> **YOUR ASSIGNMENT**
A faithful copy of all the records is needed, with the pictures omitted.

> **RECORDS FOR THIS TASK**
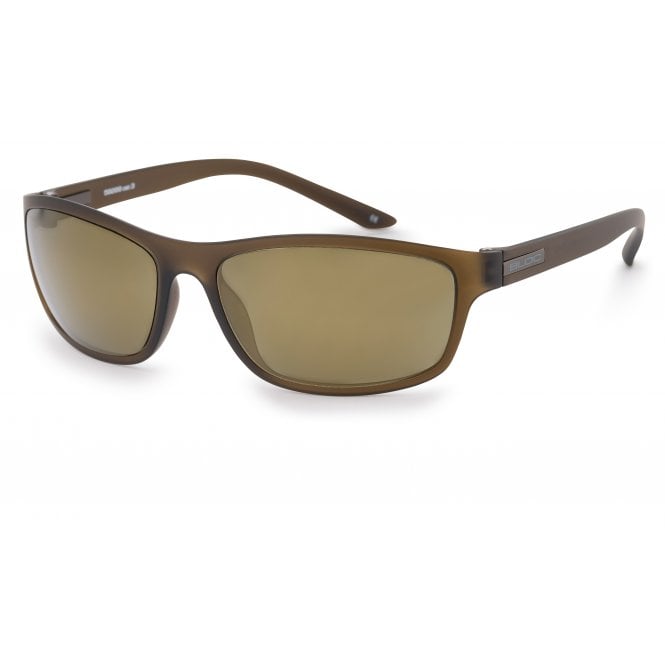 bloc eyewear Bloc Hornet Two XK150 Khaki/Gold Mirror Cat.3
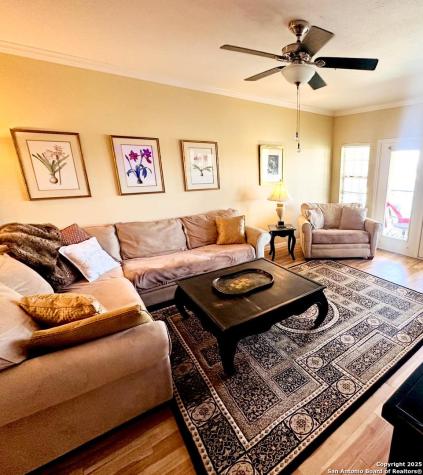 3404 American Drive Lago Vista TX 78645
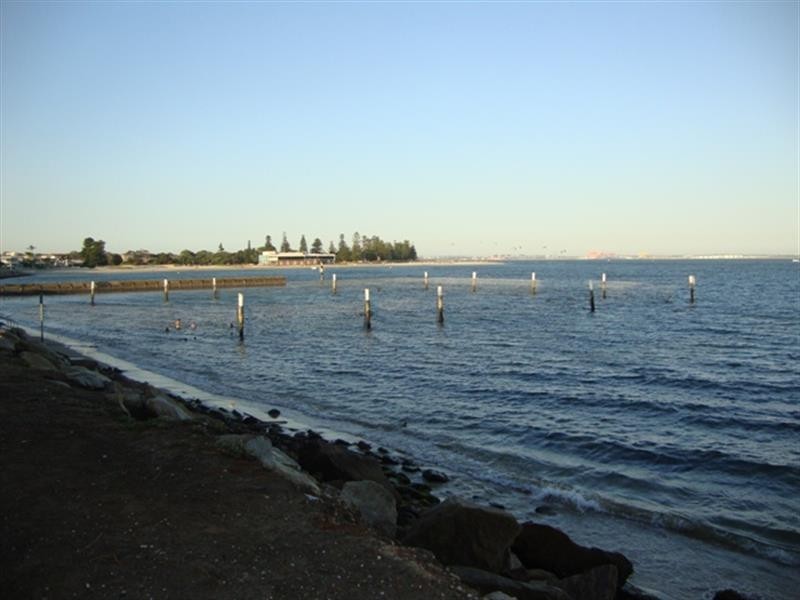 9/125 Clareville Ave, Dolls Point NSW 2219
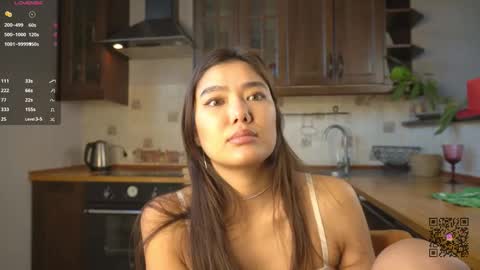 Hi all. My name is Naomi and Im glad to see you in my room  online show from 10.03.25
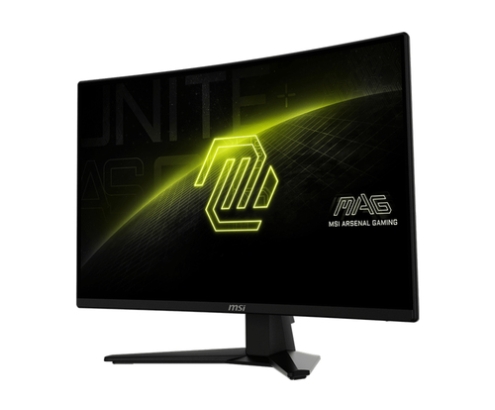 MSI MAG 274CQF pantalla para PC 68,6 cm (27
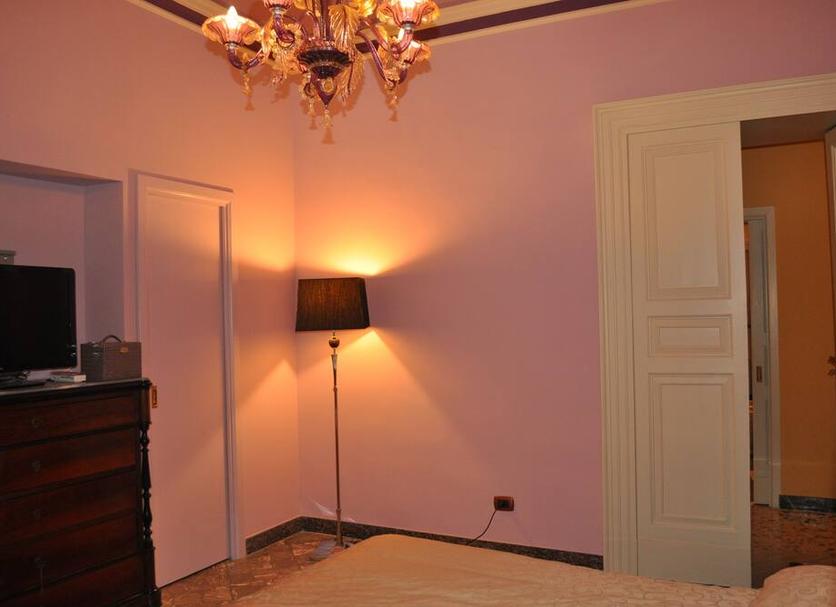 Serveis de l’habitació Foto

> **OUTPUT**
 bloc eyewear Bloc Hornet Two XK150 Khaki/Gold Mirror Cat.3
 3404 American Drive Lago Vista TX 78645
 9/125 Clareville Ave, Dolls Point NSW 2219
 Hi all. My name is Naomi and Im glad to see you in my room  online show from 10.03.25
 MSI MAG 274CQF pantalla para PC 68,6 cm (27
 Serveis de l’habitació Foto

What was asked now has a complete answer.